How does the clutch on my car work?
The clutch and flywheel on your vehicle provide the connection between the engine and the transmission. In simple terms they transmit the torque provided by the engine into to input shaft of the gearbox which in turn transmits this to the drive shafts and finally the wheels. An important operation the clutch provides is that it allows a “neutral” position where the engine can run without having the transmission engaged, this is important when the vehicle is at a stop and also during gear changes where engine and transmission speeds need to be matched. It also allows for gradual take up of drive to the wheels.
Ordinarily the clutch on your vehicle will be made up of 2 main components. The clutch pressure plate and the clutch friction plate. Clutch friction plate linings (that’s the non-metallic part of the clutch) are usually made up of a similar material to brake pad friction linings. In years gone by, just like old brake pad linings, these were made of that nasty substance asbestos. These days they are usually made up of fibreglass and Kevlar, alongside interwoven metal strands, usually copper. Being a friction material the linings naturally wear out over time. Often modern clutches can last the lifetime of the vehicle, but like all wearing parts, this can depend on many factors like driving styles and conditions of use.
What is a flywheel?
There are 2 types of flywheel fitted to modern vehicles. Solid (or single mass), and dual mass.

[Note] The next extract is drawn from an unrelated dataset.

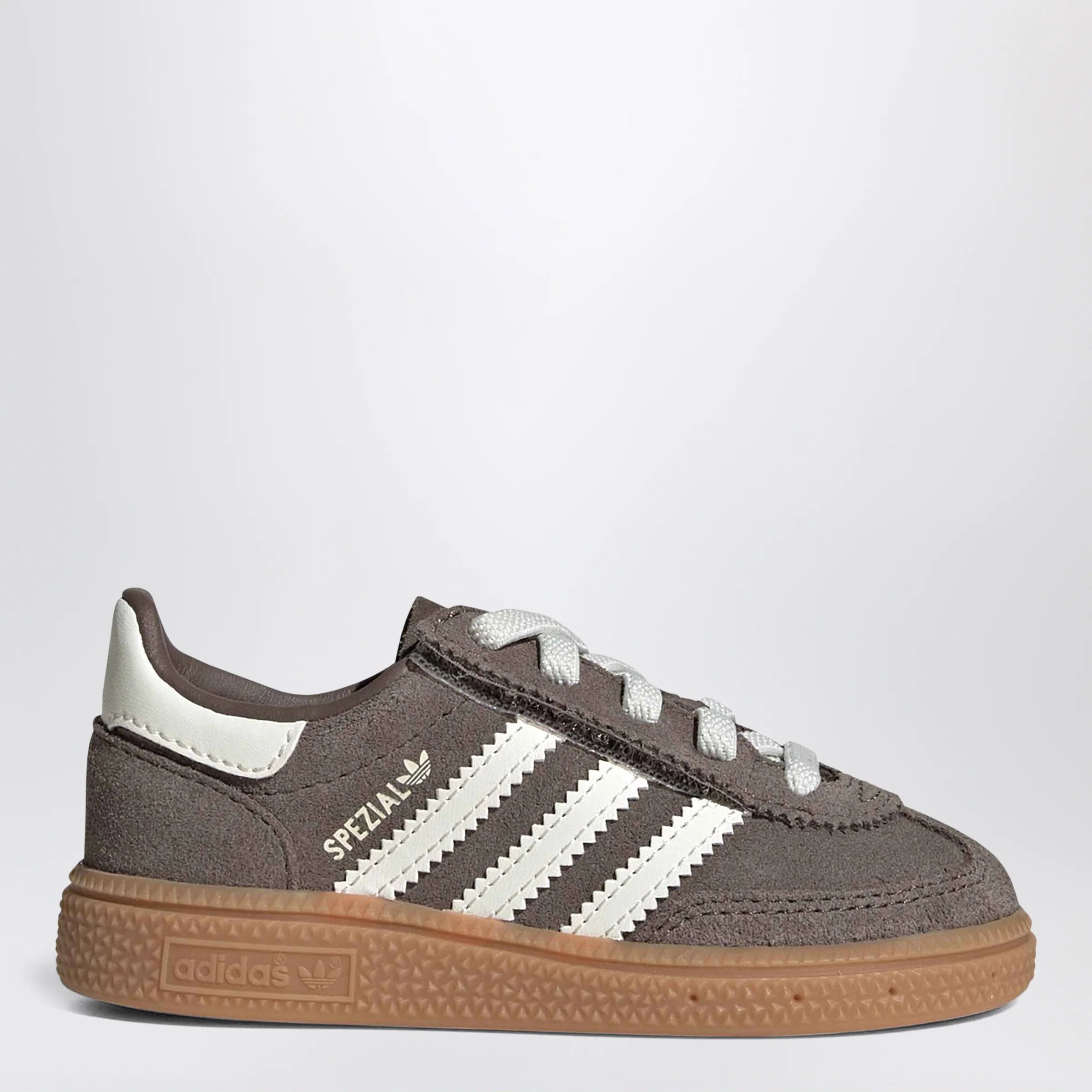KI3944SUE_S_ADIDS-BR.a.webp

Single mass flywheels have no separate or moving parts and rarely need replacing. Replacement is usually only necessary if the flywheel has been damaged, unless of course the vehicle has covered very high mileage. Damage would usually be as a result of excessive heat from clutch slip, either caused by worn out friction material or from arduous use. Hot spots and cracks can form and may cause clutch judder as a result, even after clutch replacement. In the event of heat damage, the flywheel would need to be replaced.
Dual mass flywheels (sometimes referred to as DMFs) are very different from solid single mass flywheels. As the name suggests they comprise of 2 main parts. The primary flywheel section belonging to the crank shaft of the engine, and the secondary flywheel section which links to the clutch/transmission. These 2 ‘masses’ are connected by a central bush and the damping effect is controlled by special springs packed with grease known as arc damper springs. There are 2 main reasons for a manufacturer to fit a dual mass flywheel to a vehicle. The first is to reduce noise and vibration from the drivetrain. Due to the increasingly stringent CO2 emission regulations, modern vehicles are required to be as fuel efficient as possible. This means high gear ratios and often the addition of a 6th gear. This allows for decreased engine speeds and better fuel efficiency, but as a consequence of the lower engine speed, there’s an increase in vibration from the engine. The dual mass flywheel protects the crank shaft and transmission from these vibrations and also helps to reduce noise levels from the drivetrain. The other reason is to deal with the increased power and torque that modern engines produce. Again the dual mass flywheel is there to protect engine and transmission components from premature failure due to the increased stresses. Unfortunately, dual mass flywheels are prone to premature wear themselves. Often this can be down to driving style or lack of vehicle maintenance. For example, driving in a high gear at low speeds can cause the engine to ‘labour’ which can increase the vibrations produced by the engine to beyond the dual mass flywheels designed damping limits. Driving a vehicle with a misfire or poor running characteristics will also push the dual mass flywheel to surpass its damping abilities. Even slow or poor starting can result in early wear so it’s vital to keep the engine in your vehicle in good order to keep your dual mass flywheel in order.